What a Reserve Currency Should Look Like by Patrick Barron, Mises Institute
Much has been written lately, including by me, about the coming rejection of the dollar as the primary reserve currency of the world’s most important central banks.
My prediction is based upon two things: one, that the Federal Reserve is controlled by inflationist politicians whose main goal is to monetize the federal government’s vast annual budget deficits; and, two, that the rest of the world is getting fed up with holding ever more fiat dollars of decreasing purchasing power. In the first instance, as long as the Fed can get away with printing dollars that ultimately are used to purchase federal government debt, there is no reason for it to cease federal debt monetization, or for the federal government itself to balance its budget.
In the second instance, it is in the self interest of the rest of the world to find an alternative to being robbed by loss of the dollar’s purchasing power.
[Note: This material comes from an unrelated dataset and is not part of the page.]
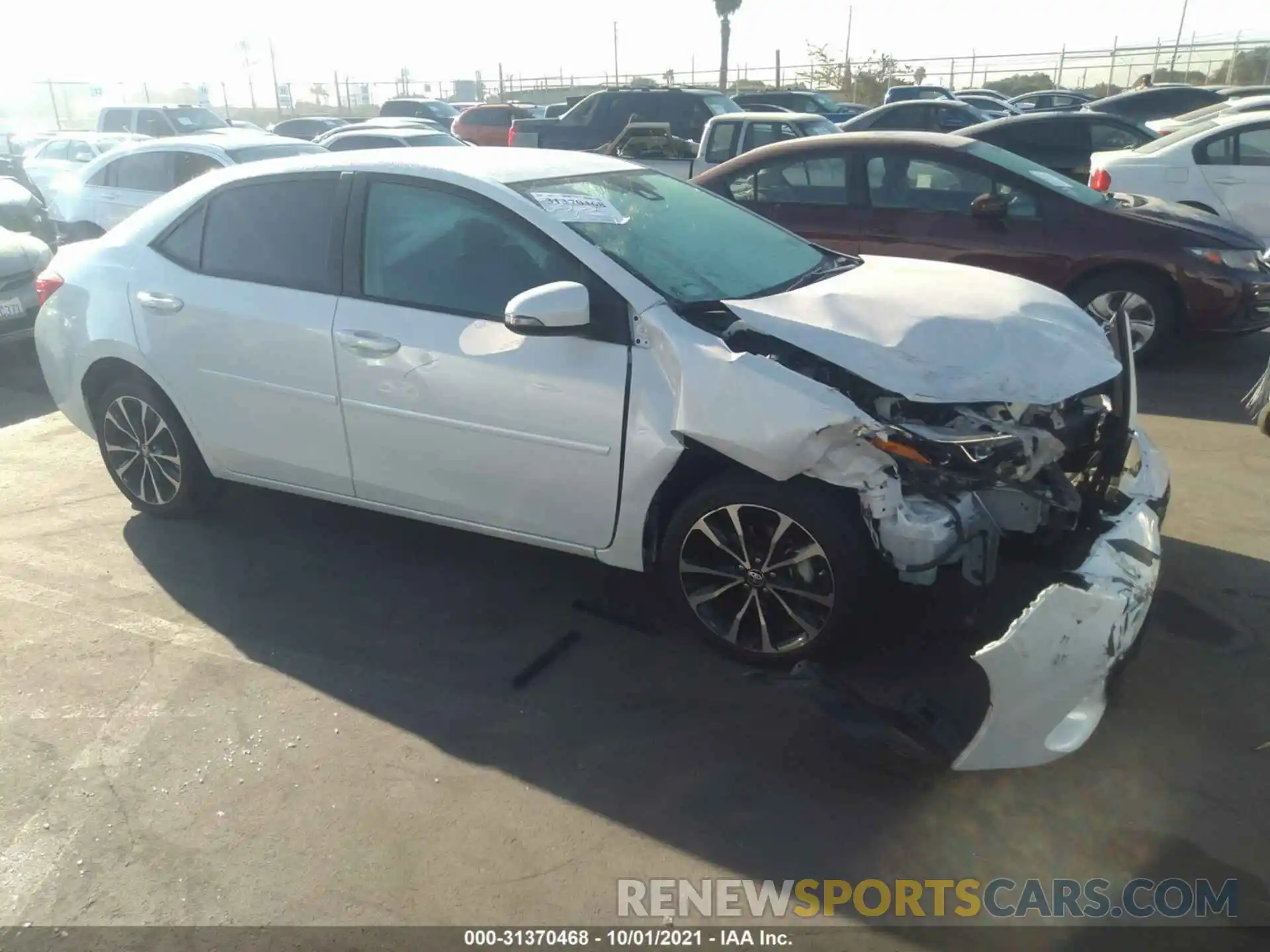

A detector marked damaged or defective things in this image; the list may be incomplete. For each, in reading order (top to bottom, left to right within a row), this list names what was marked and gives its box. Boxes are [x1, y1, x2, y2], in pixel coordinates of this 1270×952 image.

In short, if the Fed does not stop debasing the dollar, its status as a reserve currency will continue to erode.
If the Fed wants the dollar to remain the world’s reserve currency of choice, it must raise interest rates rather than create more money and the government must slash its spending to avoid imposing higher taxes. If it chooses neither of these, or in such small increments as to make little difference, then I fear the dollar is doomed as the world’s primary reserve currency.
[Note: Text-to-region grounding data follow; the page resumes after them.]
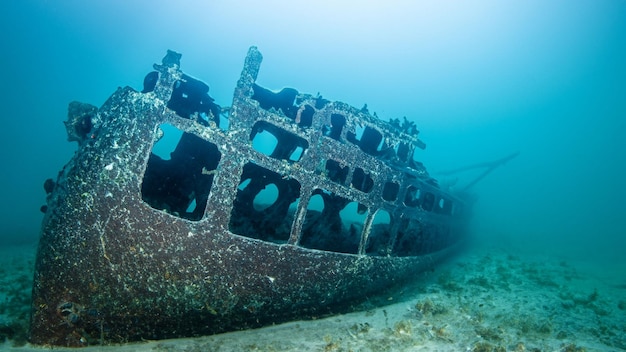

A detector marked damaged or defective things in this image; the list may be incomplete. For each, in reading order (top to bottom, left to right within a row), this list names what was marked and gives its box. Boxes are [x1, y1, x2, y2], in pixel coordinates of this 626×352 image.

rusted hull [30, 47, 468, 346]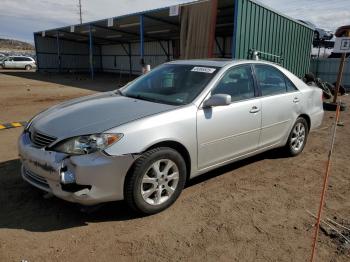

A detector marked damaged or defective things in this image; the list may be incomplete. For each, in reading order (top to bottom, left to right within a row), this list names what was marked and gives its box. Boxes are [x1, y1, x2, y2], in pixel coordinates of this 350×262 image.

damaged front end [18, 131, 137, 205]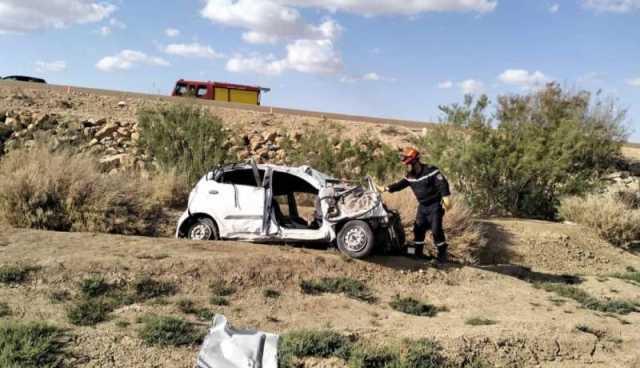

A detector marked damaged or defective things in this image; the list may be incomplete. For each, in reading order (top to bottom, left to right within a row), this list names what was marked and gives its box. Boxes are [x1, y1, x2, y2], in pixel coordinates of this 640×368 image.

wrecked white car [176, 161, 404, 258]
broken car body panel [178, 162, 402, 258]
What Is a Reserve Currency?
Central banks hold reserves in order to facilitate international trade. Individuals and companies within a monopolized currency area (either an individual nation or some region, such as the euro zone) must exchange their local currency for some other nation’s currency in order to import goods and services. Likewise, individuals and companies within a monopolized currency area must convert foreign currency to local currency in order to pay their local suppliers for producing goods and services that are sold abroad and for which they were paid in foreign currency.
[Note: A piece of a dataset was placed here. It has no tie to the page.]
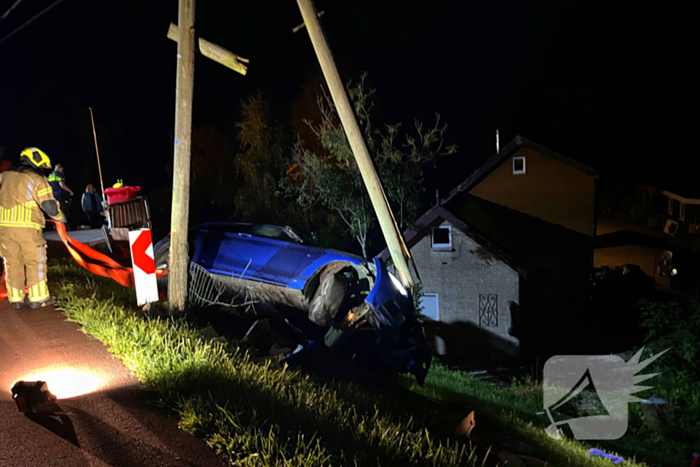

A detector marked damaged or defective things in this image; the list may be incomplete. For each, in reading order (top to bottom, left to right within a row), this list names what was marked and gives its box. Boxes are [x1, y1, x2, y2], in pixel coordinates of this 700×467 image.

crumpled car body [156, 223, 432, 384]
crashed blue car [156, 225, 432, 386]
They do this through the central bank. Alternatively, individuals and companies may decide to conduct these exchanges in a third currency, one that is accepted in most of the world. Since the end of World War II, the US dollar has performed this role, meaning that the world is willing to hold dollars (or dollar denominated assets, such as US Treasury bonds), that circulate outside the borders of the US. Over time, this led to the eurodollar and the petrodollar markets.
But simply saying that the world has preferred to hold US dollars does not explain why it preferred to do so. We have lost sight of the fact that there were real reasons for the eurodollar and petrodollar markets, which transcended some mystical faith in the dollar and the US. The world simply had recognized that the dollar was the most marketable currency to hold, I believe mainly for both geopolitical (i.e., US military dominance) and economic (i.e., the size and success of the US economy) reasons. But now those reasons are evaporating, creating an opening for some other, better currency.
Is There Any Better Reserve Currency?
The market wants a currency which retains its purchasing power and can be exchanged readily for the most varied real goods, services, and assets. As long as nations issue fiat currencies, only a nation with a large internal market will find that its currency is accepted as one of many reserve currencies. If no one else will accept that currency, it always will be accepted in the monopolized currency zone of the central bank that issued it. For example, it is possible that the eurodollar and petrodollar markets could end, forcing holders of US dollars to exchange them for goods and services in the one part of the world that must accept dollars.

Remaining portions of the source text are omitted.